[Image-caption web data]
▶
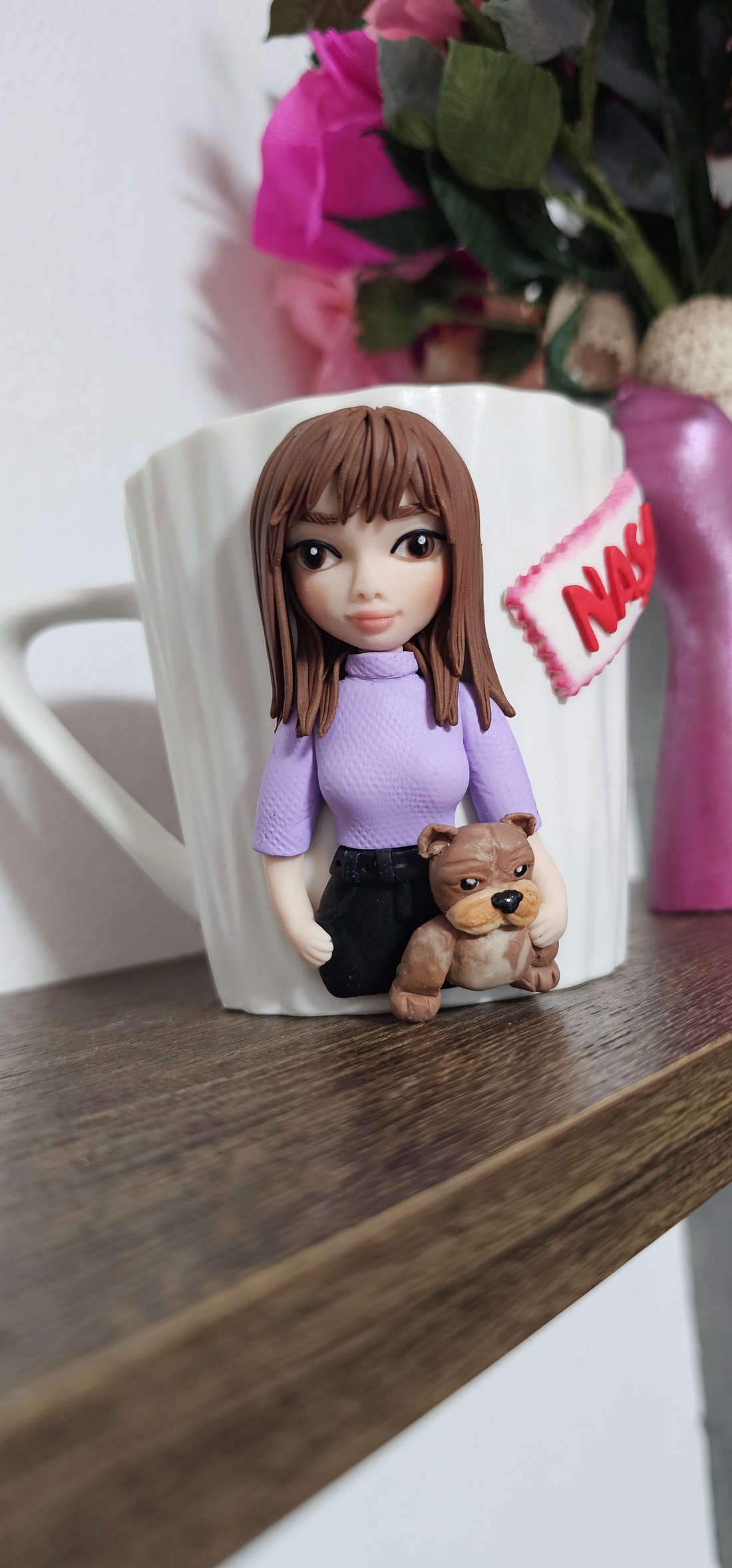 Cana personalizata pentru nasa cu figurina 3d si caine american bully - casă & stil de viață - seturi de cadou - Artynos.ro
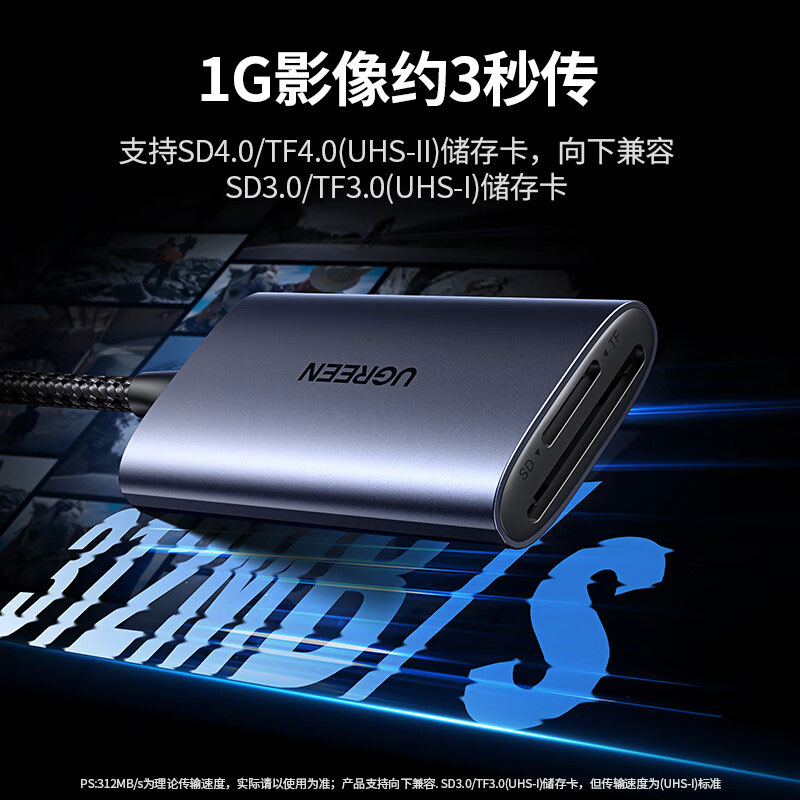 恒行6Type-C高速双卡读卡器 支持SD/TF双卡同读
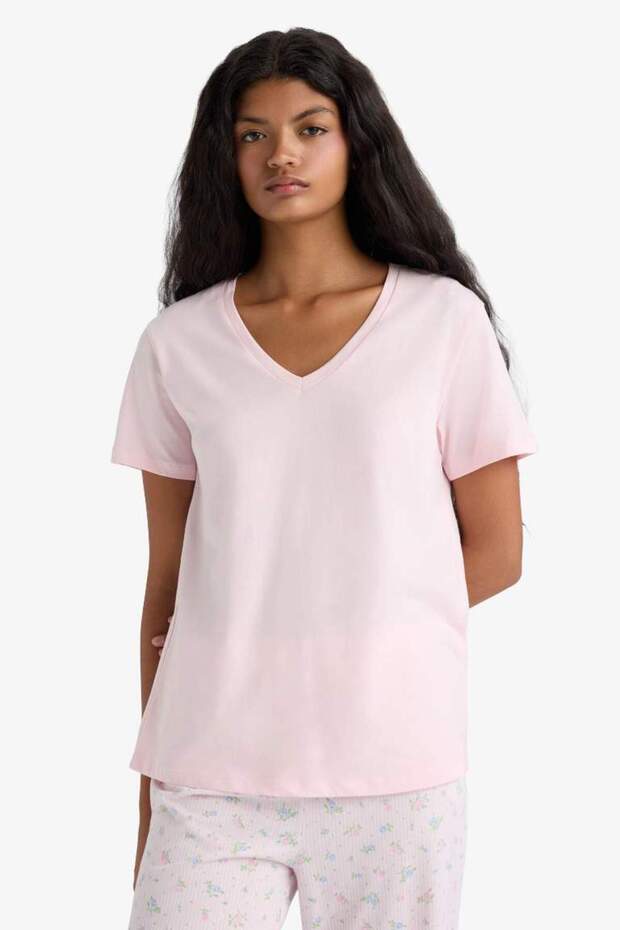 Pijama Takımı Regular Fit Kısa Kollu Üst Uzun Alt-Fall in Love F6987AX25AU - 4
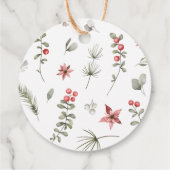 Elegant Winter Groen JOY Kerstmis Vakantie Gift Bedankjes Labels (Achterkant)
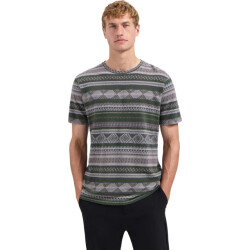 No Excess T-shirt crewneck allover jacquard grey melange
◀
* _Exercise description_
Set down exactly, line for line, the data from the line that contains "Elegant Winter Groen" through its last line, keeping pictures out.

* _Exercise answer_
 Elegant Winter Groen JOY Kerstmis Vakantie Gift Bedankjes Labels (Achterkant)
 No Excess T-shirt crewneck allover jacquard grey melange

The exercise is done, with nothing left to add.